We single people are often out in our count there. Shall I say two? We see scarce anybody. Can I cram loves enough to you all in this little O? Excuse particularising.
TO WILLIAM WORDSWORTH
[End of May nearly] 1833.
Dear Wordsworth-Your letter, save in what respects your dear sister's health, cheered me in my new solitude. Mary is ill again. Her illnesses encroach yearly. The last was three months, followed by two of depression most dreadful.
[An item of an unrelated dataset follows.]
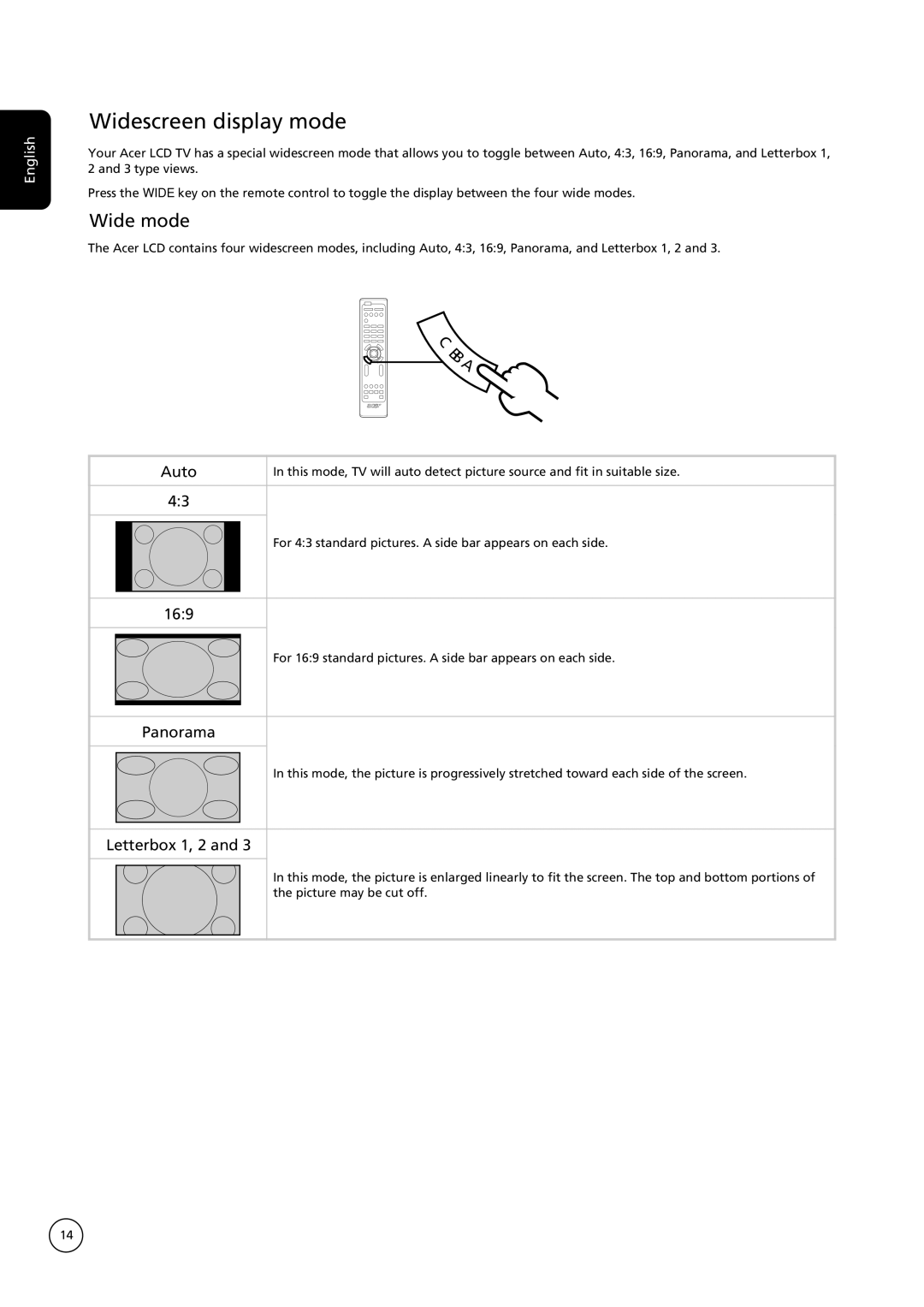 Acer AT3221, AT3222, AT4221, AT4222, AT2621, AT2622 important safety instructions Widescreen display mode, Wide mode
I look back upon her earlier attacks with longing: nice little durations of six weeks or so, followed by complete restoration,→ shocking as they were to me then. In short, half her life she is dead to me, and the other half is made anxious with fears and lookings forward to the next shock. With such prospects, it seemed to me necessary that she should no longer live with me, and be fluttered with continued removals; so I am come to live with her, at a Mr. Walden's and his wife, who take in patients, and have arranged to lodge and board us only. They have had the care of her before. I see little of her: alas! I too often hear her. Sunt lachrymæ rerum! and you and I must bear it.